After hints over the past couple of week’s the IMF has officially downgraded its forecast for global GDP for 2015 to 3.1% but it still expects a rebound to 3.6% in 2016.
Both these forecasts reflect a 0.2% downgrade for the IMF from its last publication of the World Economic Outlook in July. And, the IMF says the new outlook reflects the “intersection of at least three powerful forces” which are buffeting the global economy.
First, China’s economic transformation—away from export- and investment-led growth and manufacturing, in favor of a greater focus on consumption and services; second, and related, the fall in commodity prices; and third, the impending increase in U.S. interest rates, which can have global repercussions and add to current uncertainties.

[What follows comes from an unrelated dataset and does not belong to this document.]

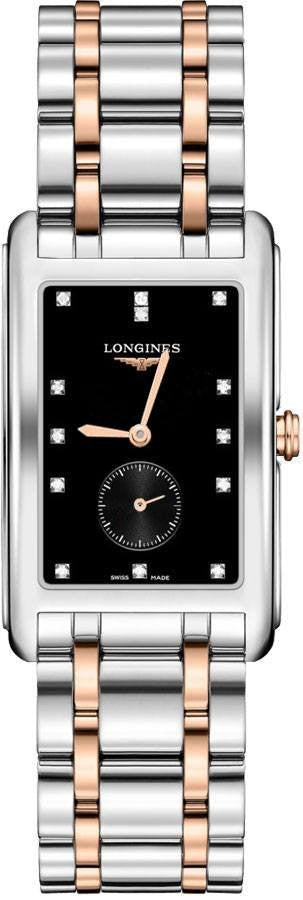 Longines DolceVita Black Dial Luxury Watch L5.755.5.57.7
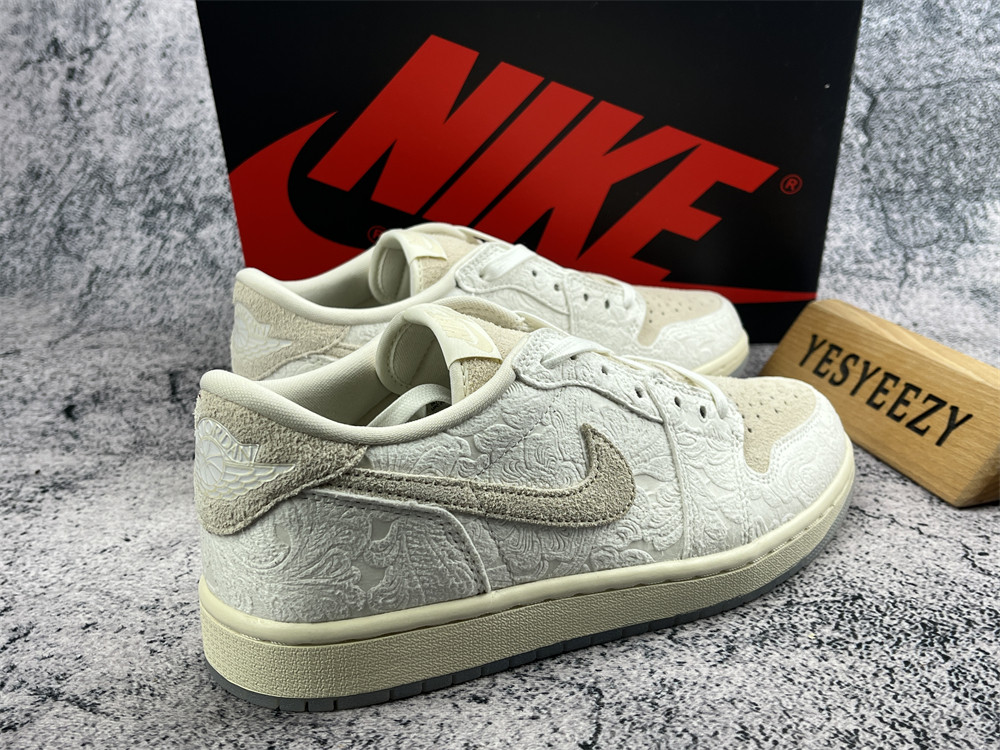 UA CHRIS PAUL X AIR JORDAN 1 RETRO LOW OG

The break up of growth once again reflects the reality that even though emerging markets are slowing they remain the key engine of global growth. Developed markets are forecast to growth 2% in 2015 and 2.2% in 2016 while developing market growth will slow from 4.6% in 2014 to 4% this year, and 4.5% next year.
This is the “fifth straight year of slowing growth” in developing markets, the IMF says. Next years expected rebound in developing markets “reflects not a general recovery, but mostly a less deep recession or a partial normalization of conditions in countries in economic distress in 2015.”
It’s hardly an upbeat outlook and the Fund says that “given the distribution of risks” to the outlook global growth could still fall short of these already downgraded forecasts. It list five key areas of risk and concern that could drag growth lower.
- Lower oil and other commodity prices, which although benefiting commodity importers, complicate the outlook for commodity exporters, some of whom already face strained initial conditions (e.g., Russia, Venezuela, Nigeria).
- A sharper-than-expected slowdown in China, if the expected rebalancing toward a more market-based and consumption-driven growth proves more challenging than expected.
- Disruptive asset price shifts and a further increase in financial market volatility could involve a reversal of capital flows in emerging market economies. Further, renewed concerns about China’s growth potential, Greece’s future in the euro area, the impact of sharply lower oil prices, and contagion effects could be sparks for market volatility.
- A further appreciation of the U.S. dollar could pose balance sheet and funding risks for dollar debtors, especially in some emerging market economies, where foreign–currency corporate debt has increased substantially over the past few years.
- Increased geopolitical tensions in Ukraine, the Middle East, or parts of Africa could take a toll on confidence.
In the end the Fund says it all means the global economy faces a longer-term outlook which presents the prospects of “low growth for a long time.”